What’s more is, whether you’re talking about food or critical healthcare supply chains, “there is the potential that third, fourth and fifth parties have ownership that are on sanctions lists and not operating in the best interests of the United States,” says Atul Vashistha, founder and chairman, Supply Wisdom. “This review, if done properly, will not only provide greater visibility into supply chain disruption risks, but also ownership risks in terms of who are the beneficial owner parties in the supply chain. This process needs to be continual to ensure resilience.”
Furthermore, U.S. supply chains are a national security issue, which is why the Executive Order on supply chains is long overdue, says James Crean, co-founder and CTO of CREAN, Inc. [CLICK HERE to read Part 4].
“It started with Trump’s emphasis on bringing the supply chain home from China and the importance of bringing manufacturing home to the United States. It’s good to see that there’s an ongoing, bi-partisan focus on this important issue,” he adds. “Having a strong and local supply chain is essential to national security, whether food, medicine, PPE or other essential goods, it’s imperative that we maintain more control. The success of America’s vaccine rollout is proof that having the supply chain in states can make a huge difference and gives us the leverage in a competitive marketplace.”

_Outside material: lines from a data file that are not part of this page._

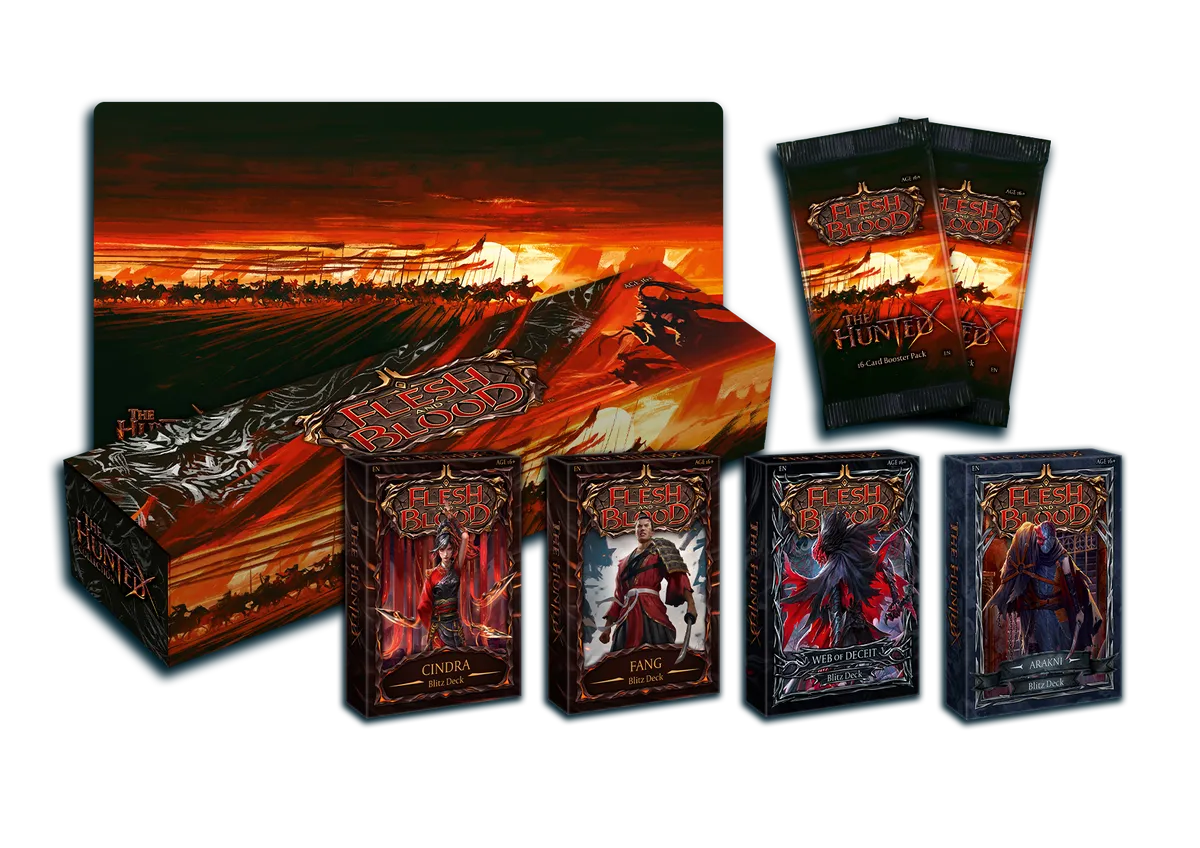 Flesh and Blood: The Hunted Blitz Deck Collection | Eastridge Sports Cards & Games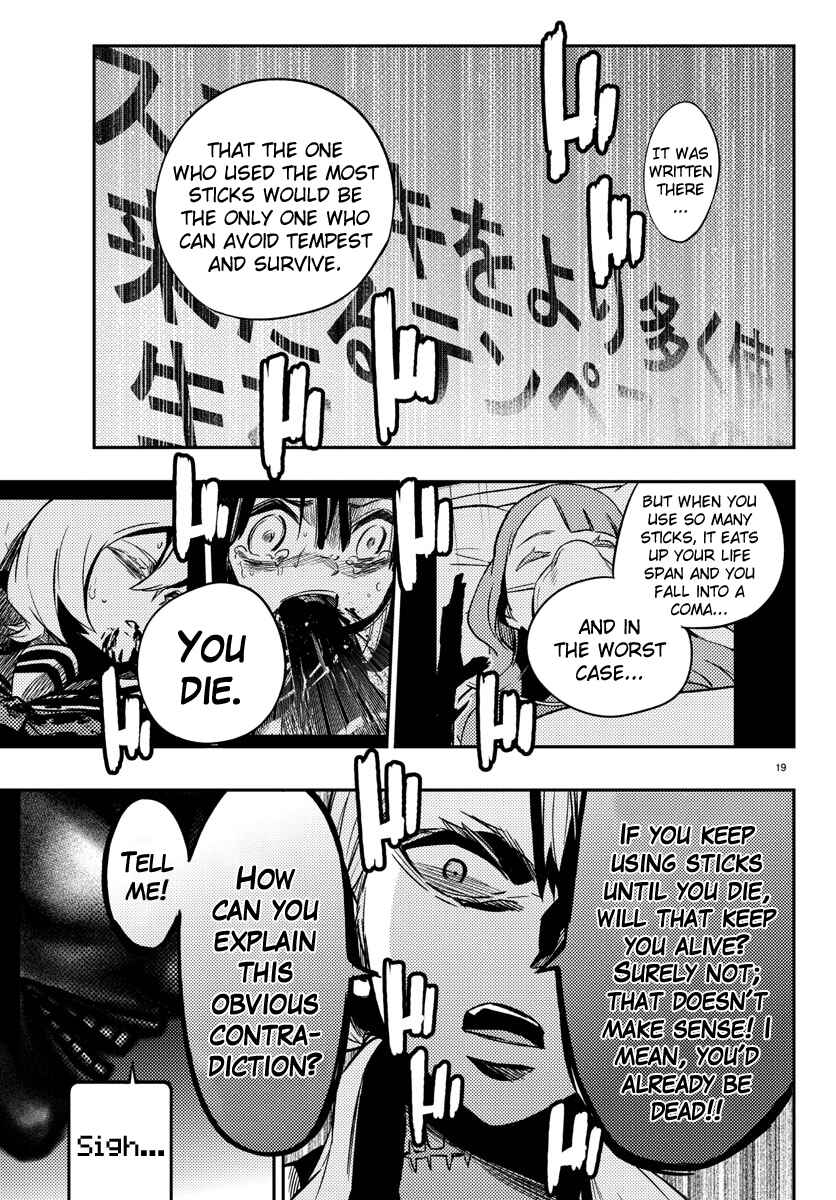 Page 19 Chapter 18 Magical Girl Site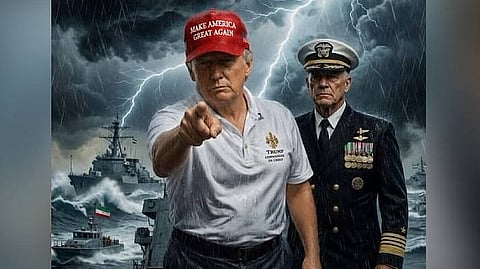  Fear of war behind Trump's post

And, if done right, the 100-day review will provide better visibility and a greater understanding of the supply chain landscape and who the players are in the cold supply chain, according to Bindiya Vakil, co-founder and CEO of Resilinc and overall winner of Supply & Demand Chain Executive’s Women in Supply Chain award.
“And, that visibility is the key to being able to make informed decisions and offsetting potential disruptions,” she adds.
Plus, food and vaccine supply chains don’t always run at peak efficiency, adds Jim Bureau, CEO of JAGGAER.
“Doing an in-depth review of these critical supply chains could uncover optimization opportunities and instances where production and distribution can be safely expedited,” he adds.
This 100-day review will hopefully bring to surface a myriad of challenges and pain points that result from a lack of visibility throughout global, complex supply chains, says Michael Rabinowitz, founder and CEO, CoEnterprise.
“The hope is the review will provide a roadmap, putting more concrete guidelines and technology recommendations in place for organizations to improve their operations and achieve the speed and agility needed for critical products,” Rabinowitz says.
While we’re all unsure as to what supply chain disruption will hit next (let’s face, supply chain disruptions will continue to happen), arming your team and your company with the right tools and solutions to plan, prepare, recover and succeed is necessary in overcoming what may lie ahead. And doing so may require some reassessing as to how your company moves product up and down the supply chain, and whether or not those materials, ingredients and inventory are lost along the way.